Why is my job deferred or blocked?
When you submit a job to the HPC system, your job requirements are evaluated by a Job Manager and the job will start to run immediately or will be placed in a queue until the resources needed to run this job are availbable. The job is assigned a state, which attempts to describe what is happening to the job submission. The following list describes what each of these states mean.
- as the name implies, your job is running on the system. The number of jobs a user is allowed to run at any one time is determined by the user's group membership. For example, some users belong to owner groups that allow their members to run on as many processors as are available over the processor that they own.
- Idle (Eligible)
- Eligible jobs in the idle state are actively being evaluated by the scheduler and will start to run as soon as a suitable set of nodes is available. We've configured MOAB such that only 20 jobs per user can be in this state at any given time. Limiting the number of eligible idle jobs per user protects the scheduler from becoming overloaded by large job submissions by a single user.
- Deferred/Idle (Blocked)
- Jobs are blocked when a user submits over 20 jobs and 20 jobs remain idle but are still eligible to run. The hold on blocked jobs that are labeled idle is automatically removed after a short period of time. A job is deferred for 10 minutes before a re-match is tried. If no matches are found the job is deferred for 20 minutes before a re-match is tried again. This is repeated and the defer time is increased by a factor of two each time a job is deferred. Users can force a re-match to occur with ( releasehold -a ).

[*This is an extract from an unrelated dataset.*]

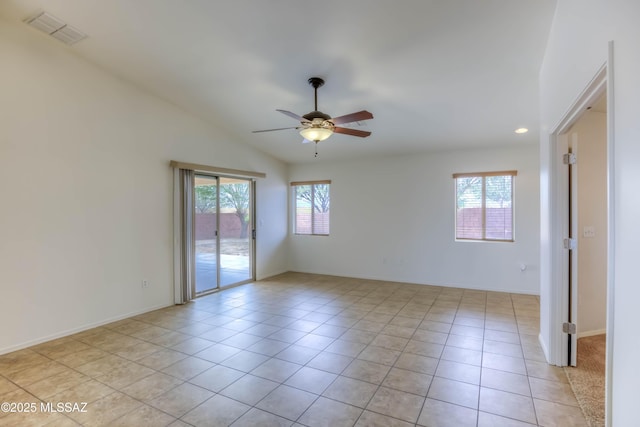 7077 S Cottontail Run Ave, Tucson, AZ 85756 - empty room featuring healthy amount of natural light, a ceiling fan, light tile patterned flooring, vaulted ceiling, and recessed lighting
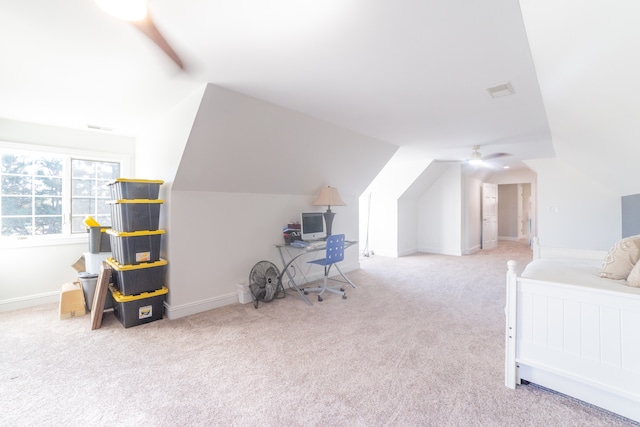 home office with ceiling fan, lofted ceiling, and carpet floors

- If your job is in this state, something serious is wrong with the job submission and you will likely need to fix the problem and resubmit the job to get it to run. MOAB tags jobs with this state when the job cannot be run because the requested resources are not available in the system or because the resource manager has repeatedly failed in attempts to start the job. Again, when a job enters this state something is seriously wrong.